Genetic Modifiers of Immune Reactivity to a Human Pathogenic Mycobacterium
1. Program in Infectious Diseases and Immunity in Global Health, The Research Institute of the McGill University Health Centre, Montreal, Quebec, Canada; 2. McGill International TB Centre and Departments of Medicine and Human Genetics, McGill University, Montreal, Quebec, Canada; 3. Sainte-Justine Hospital Research Centre, Montreal, Quebec H3T 1C5, Canada; 4. Department of Biochemistry, Faculty of Medicine, University of Montreal, Montreal, Quebec H3T 1J4, Canada; 5. Laboratory of Human Genetics of Infectious Diseases, Necker Branch, Institut National de la Santé et de la Recherche Médicale, U.1163, Paris 75015, France; 6. Department of Pediatrics, Faculty of Medicine, University of Montreal, Montreal, Quebec H3T 1J4, Canada.

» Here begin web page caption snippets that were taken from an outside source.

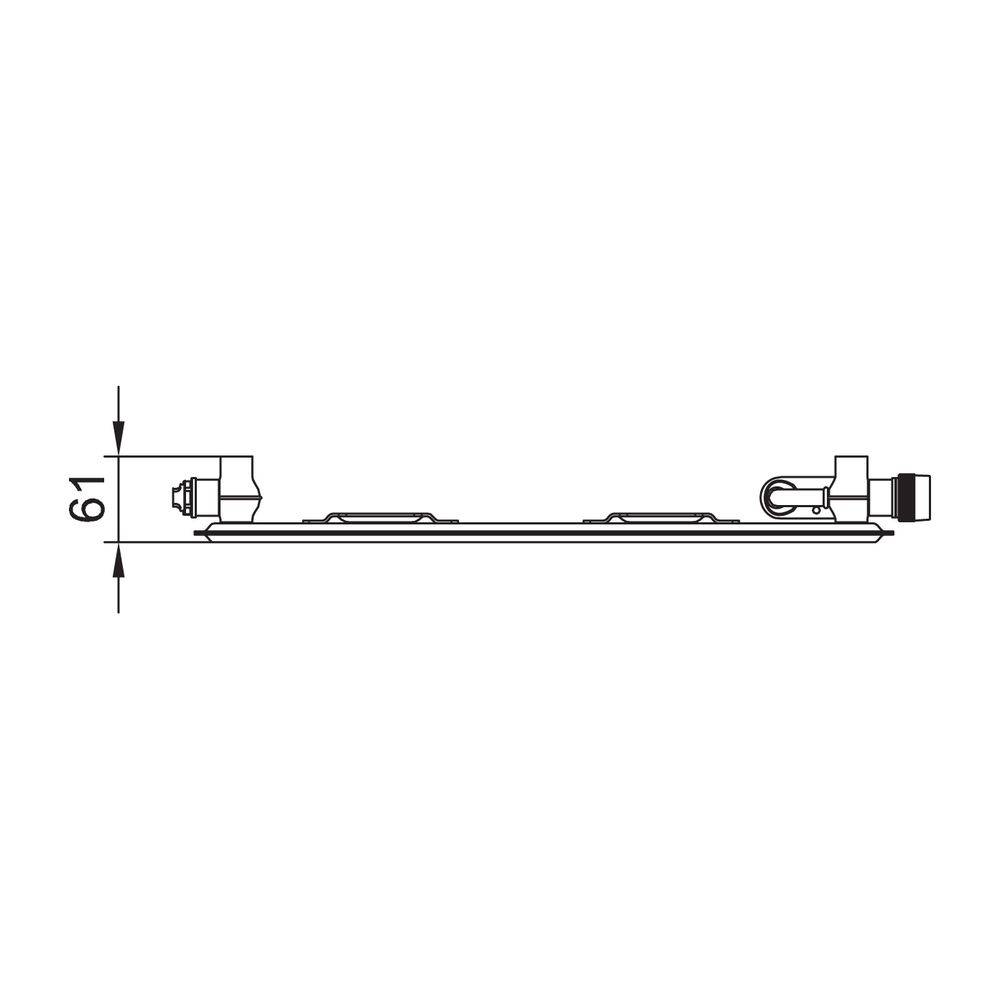 Kermi Profil-V Hygiene Flachheizkörper Typ 10 300x61x2300mm, 771W bei 75/65/20 Grad C, Ventil links, WK, Weiß-2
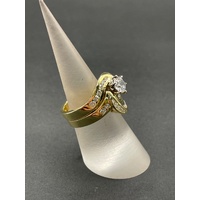 Ladies 18ct Yellow Gold Diamond Wedding Ring Set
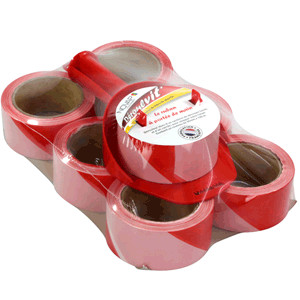 Speed Tape  Bandabroller mit 7 Rollen Absperrband rot/weiß, 50 mm x 100 m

Leprosy is a human infectious disease caused by Mycobacterium leprae. A strong host genetic contribution to leprosy susceptibility is well established. However, the modulation of the transcriptional response to infection and the mechanism of disease control are poorly understood. To address this gap in knowledge of leprosy pathogenicity, we conducted a genome-wide search for loci that are associated with transcript variation – expressed quantitative trait loci (eQTLs) – before and after stimulation with Mycobacterium leprae sonicate in whole blood cells from 54 unrelated leprosy patients from Vietnam.

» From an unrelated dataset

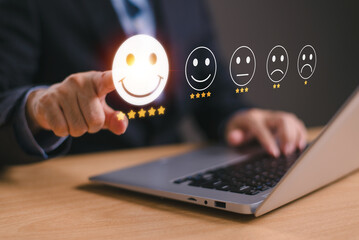 Questionnaire business experience feedback service. Customer satisfaction survey concept. Client use computer review happy face 5-star satisfaction rating online application. Evaluate product quality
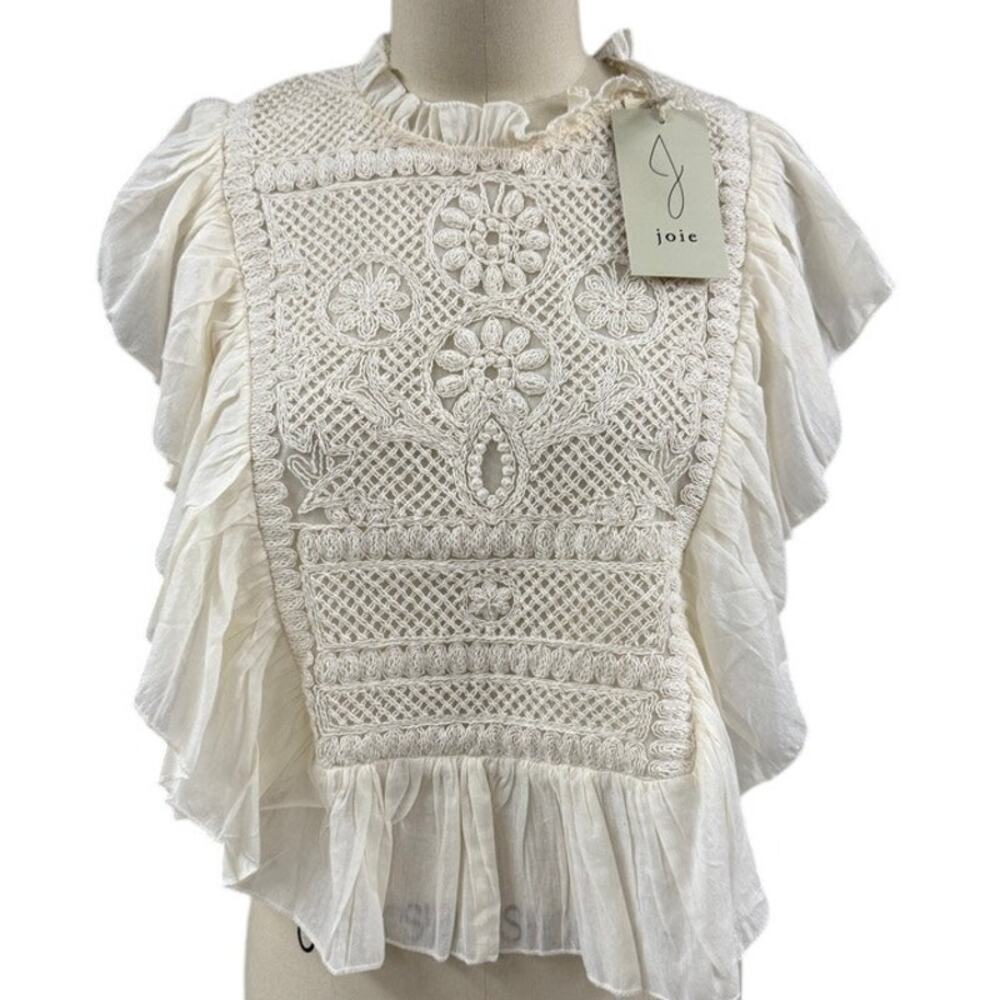 NWT Joie Ivory Embroidered Ruffle Blouse M Boho Luxe Romantic Messy Coquette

Among 12043 tested genes, we found 6787 as being significantly up- or down-regulated. Gene ontology (GO) enrichment analysis on differentially expressed genes (DEG) allowed us to confirm that the vast majority of significant enrichments were related to the immune response, including genes that had previously been associated with leprosy (e.g. TNF is in the top 15 of the most DEG). We then identified 36700 cis-eQTLs for 818 genes, including 5784 for 33 genes associated with the “immune response” GO term. Interestingly, most of these “immune response” eQTLs (>95%) were eQTLs for genes in the HLA region. In addition, we found 7814 eQTLs as being specific to stimulated or to non-stimulated cells but not to both conditions. Of those, we found 336 response eQTLs for genes associated with the “immune response” GO term including 265 for HLA genes. This finding is concordant with the results of our genome-wide association study, which had identified the HLA system as an important genetic risk factor of disease. The response eQTLs correspond to regulatory variations that likely affect the interaction between human whole blood cells and M. leprae sonicate, and thus likely between the human host and M. leprae themselves. Remarkably, ADCY3 – previously identified as a leprosy type-I reaction signature gene – was one of the genes presenting the highest number of response eQTLs (present only after stimulation) as well as one of the highest up-regulations of gene expression. On the contrary, RNASE6 – known to have strong antimicrobial activity – had eQTLs specific to non-stimulated cells and underwent one of the strongest down-regulations after stimulation.
Given their association with changes in the immune response to M. leprae sonicate, these response eQTLs represent promising genetic candidates for susceptibility or resistance to leprosy and show the functional consequence of genetic risk factors for disease. Importantly, our study identified novel, hitherto unknown pathways of host responsiveness to M. leprae and substantially increases our understanding of leprosy pathogenicity.